Tuesday, April 15, 2008

Spring Time Morsels, I mean Morels


May is morel madness month
This is the season when animals, crazed with mating fever, blunder onto highways, oblivious of oncoming traffic. Perhaps not coincidentally, this is also morel mushroom season, when otherwise rational individuals abandon their families or call in sick from work to pursue an illusive fungus that is a second cousin to athlete's foot. Some say morels are good to eat. Walnuts are also good to eat. But, in Missouri, most walnuts that are not run over by lawn mowers or raked into trashcans are left for the squirrels.The morel, like Beluga caviar, is considered an expensive delicacy for those with the refined taste to appreciate it. There might be annual Beluga festivals if the stuff could be harvested in your own back yard, without having to personally remove it from a large toothy fish. But it's not as if hunting mushrooms is not dangerous. The chance that you might get sick or die from eating the wrong kind of mushroom is part of the attraction. Lots of people have died from eating mushrooms, including the Roman emperor Claudius, who should have known better than to eat his wife's cooking in the first place. Mushrooms are like spiders. They evoke images of death and decay. They thrive in dark secretive rotting places that make the average person shudder.

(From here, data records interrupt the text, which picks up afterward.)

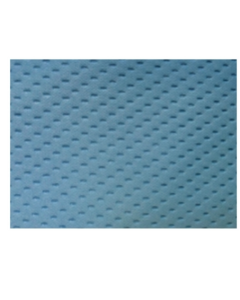 TELINO CHIRURGICO IN POLIESTERE 90x150cm azzurro riutilizzabile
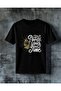 Dont Watch Printed Oversize T-Shirt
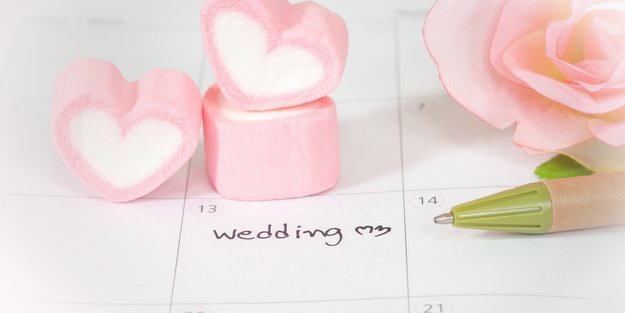 Vermeide diese Fehler bei der Hochzeitsplanung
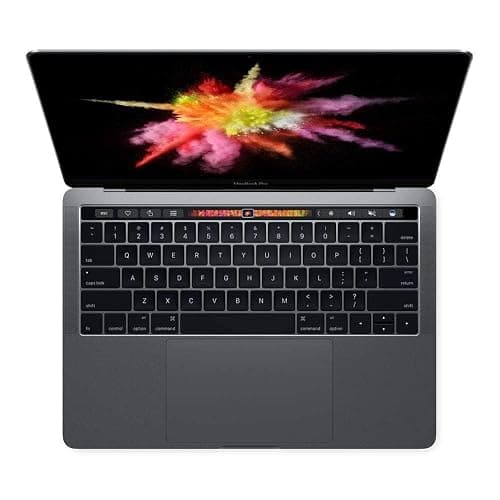 Apple 2018 MacBook Pro with 2.3GHz Intel Core i5 (13-inch, 8GB RAM, 256GB SSD Storage) Space Gray (Renewed) thumbnail 2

Maybe more people would eat spiders, if they weren't so common. Morels sell for about $20 a pound. If you leave them sitting on the kitchen counter for two days, they melt into a festering ooze you couldn't pay somebody $20 to scoop into the trash. The perishable nature of morels contributes to their reputation as a dainty treat for sophisticated palettes. The state of Michigan is mad about mushrooms, holding an annual National Mushroom Festival every May. In 1984, 17,000 people attended the festival and over a half million participated in the mushroom hunt that month. Paris has hundreds of miles of mushroom beds in caves beneath the city. Chester County, Pennsylvania produces half the US production of mushrooms. There, pickers wear miner's hats with lamps to harvest the precious crop.

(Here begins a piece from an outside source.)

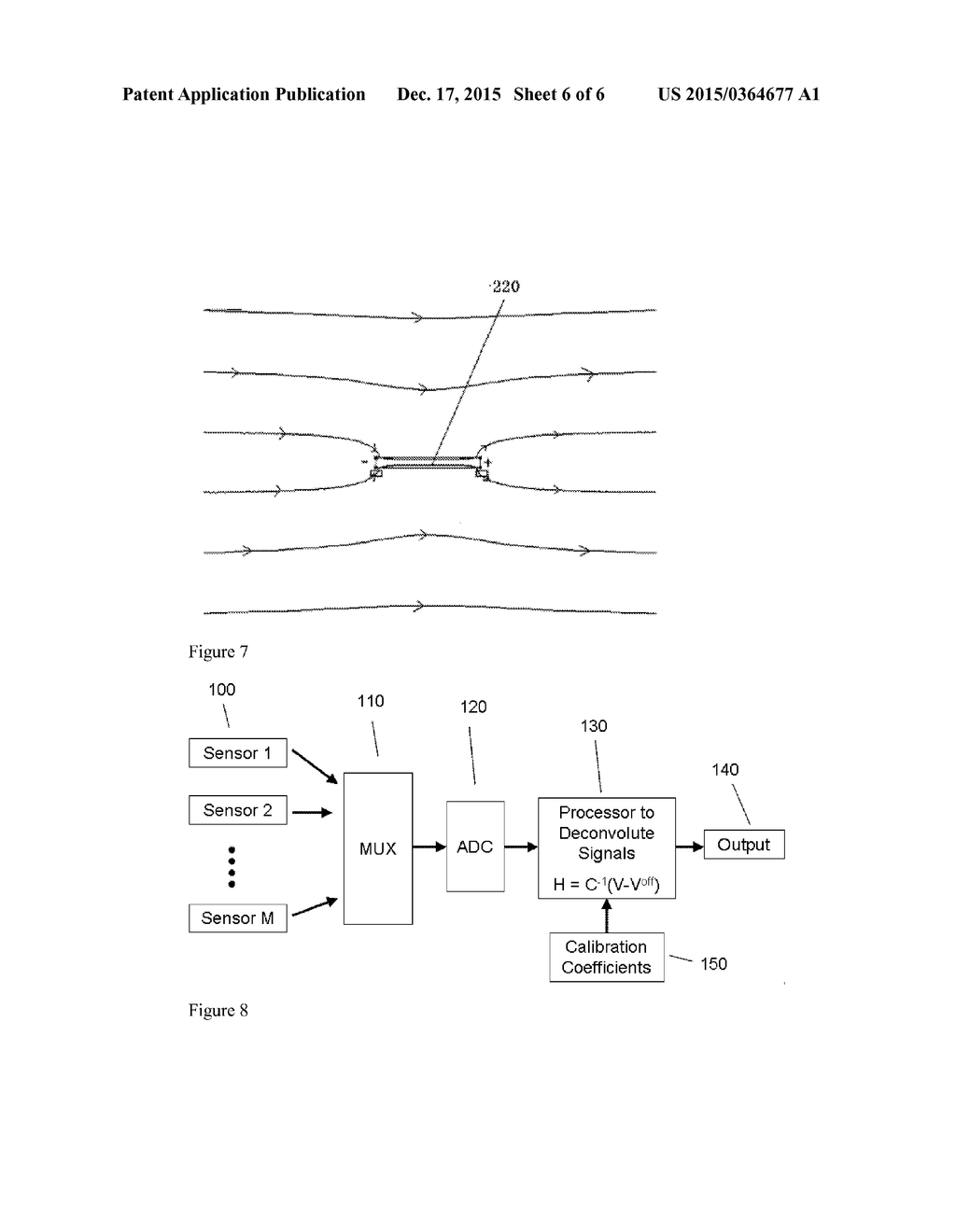 THIN-FILM MAGNETORESISTANCE SENSING ELEMENT, COMBINATION THEREOF, AND     ELECTRONIC DEVICE COUPLED TO THE COMBINATION - diagram, schematic, and image 07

A true mushroomer has a little larceny in his heart. He wants something rare and expensive - and he wants it for free. The best place to hunt morels is on someone else's property. If you're not trespassing, you don't get the genuine morel experience.

It takes a special kind of person to hunt morels. If you're wondering if you have what it takes, the following test might help you decide: You have been hunting unsuccessfully for morels for hours when suddenly, you trip over a wet log and break your leg and, simultaneously, discover a huge patch of yellow morels. When you hear a distant hiker walking by, you... (a) call for help (b) pick all the mushrooms in sight before calling for help or (c) pick all the mushrooms in sight. Then, drag yourself back to your car and set your broken leg yourself because the doctor might horn in on your morels while you're in traction.

If you did not answer (c), chances are, you probably also think $20 a pound is a lot to pay for mushrooms.